В благословенные позднесоветские времена, когда главной проблемой было достать какой-нибудь «дефицит» (не важно что – финские сапоги или туалетную бумагу), советский человек оказался окруженным настолько мирной и безопасной жизнью, что ему даже в голову не мог прийти, что она может быть устроена иначе. Для него любое иное положение выглядело аномалией – хотя реально аномалией было как раз данное «безопасное общество», кардинально отличающееся от всего, что было в человеческой истории. На самом деле, как уже не раз говорилось, подобное состояние было однозначным достижением, несущем немало благ – особенно в том случае, если бы оно было доведено до своего логического завершения. Но, тем не менее, у подобного, несомненно благого, мира, был и определенный недостаток. А именно – в его рамках было очень и очень тяжело понять ощущение людей, в это самое «безопасное общество» не включенных. К которым относились и жители стран Третьего мира, и, что самое главное, собственные предки. (Причем, недавние – разница была буквально в поколение, то есть, не понимали своих отцов и матерей.)
Причем, самое главное непонимание тут касалось вопросов изменения мира – то есть, источников исторического движения. Почему – понятно: ведь для позднесоветского человека окружающая реальность выглядела настолько теплой и комфортной, что казалось, что любые изменения должны нести лишь благо. Однако, при этом, он прекрасно знал, что в истории дело обстояло совершенно не так, что в мире случались войны, революции, голод и разруха… Поэтому требовалось создание особой теории, должной совместить господствующие представления с указанным фактом. Таковой теорией и стал миф о неких мерзких фанатиках, на которых и лежит основная вина за все человеческие беды и напасти. Дескать, есть такие нехорошие люди, которых хлебом не корми – но дай разрушить существующий мир. (Вообще, сама идея «хорошего» или «нехорошего» человека представляет собой отдельный «супермиф», о котором надо говорить отдельно.) По каким причинам они это должны желать – не особенно важно, хотя обыкновенно считалось и продолжает считатся, что это «особенность их психики». Впрочем, в любом случае, эта самая страсть к разрушению неизбежно приводит фанатиков к конфликту с окружающим миром – и тут или мир должен «дать по рогам» извращенцу, или они его приведут к неизбежной гибели.
* * *
Разумеется, самыми «известными» из фанатиков для позднесоветского человека были фашисты. Причина проста – даже для СССР 1970-1980 годов Великая Отечественная война все равно оставалась одним из самых больших бедствий в истории. (В стране почти не было семьи, которую бы обошли тяжелые потери в ней.) Однако при этом внятных объяснений данного феномена в почти не существовало… То есть, конечно, официальная пропаганда заявляла там что-то о сговоре промышленников и банкиров, но данная концепция для позднесоветского человека категорически не подходила. Во-первых, потому, что он давно уже привык не доверять официальной пропаганде. А, во-вторых, о том, что представляют собой банкиры и промышленники, этот самый человек не имел ни малейшего представления. (Единственным источником информации о данном явлении было искусство – а в нем, как известно, классовым вопросам никогда не уделялось должное внимание. ) В результате чего гораздо более подходящей для позднесоветского мышления оказалась «альтернативная» точка зрения, гласящая о том, что суть фашизма состоит в том, некая группа «нехороших людей» - то есть, собственно, фашистов – сумела таинственным образом «захватить сознание» большинства немцев и заставить их полюбить свою идеологию.
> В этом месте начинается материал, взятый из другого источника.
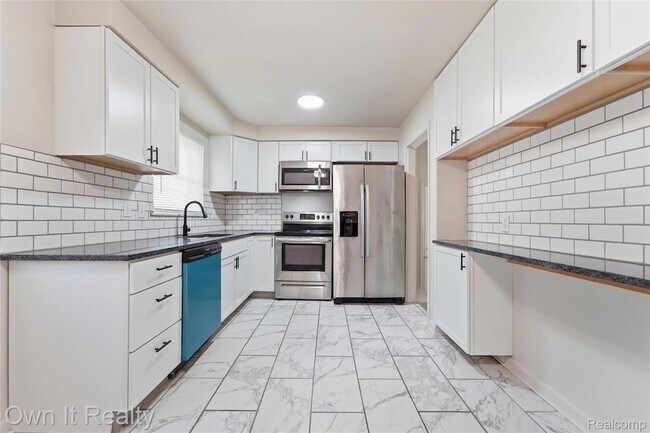 Building Photo - 24985 Mabray Ave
Впрочем, эта точка зрения была чуть ли не официальной для Запада, и попала в нашу страну именно оттуда. (Антифашистские произведения в СССР, в целом, приветствовались.) Но даже в этом случае первичным тут являлось именно то, что эта самая западная «точка», удивительным образом, оказалась комплиментарной к сознанию позднесоветского человека, оперируя понятными и приятными для него категориями. (Что, собственно, свидетельствует о том, что и у «них» в указанное время выстраивалось то же самое «безопасное общество», с теми же основами.) Поэтому чем дальше, тем больше фашизм в СССР ассоциировался именно с атрибутами фанатичной идеи – вроде разного рода свастик, черных мундиров СС и самих СС, факельных шествий и т.д. – и все меньше со своими реальными причинами.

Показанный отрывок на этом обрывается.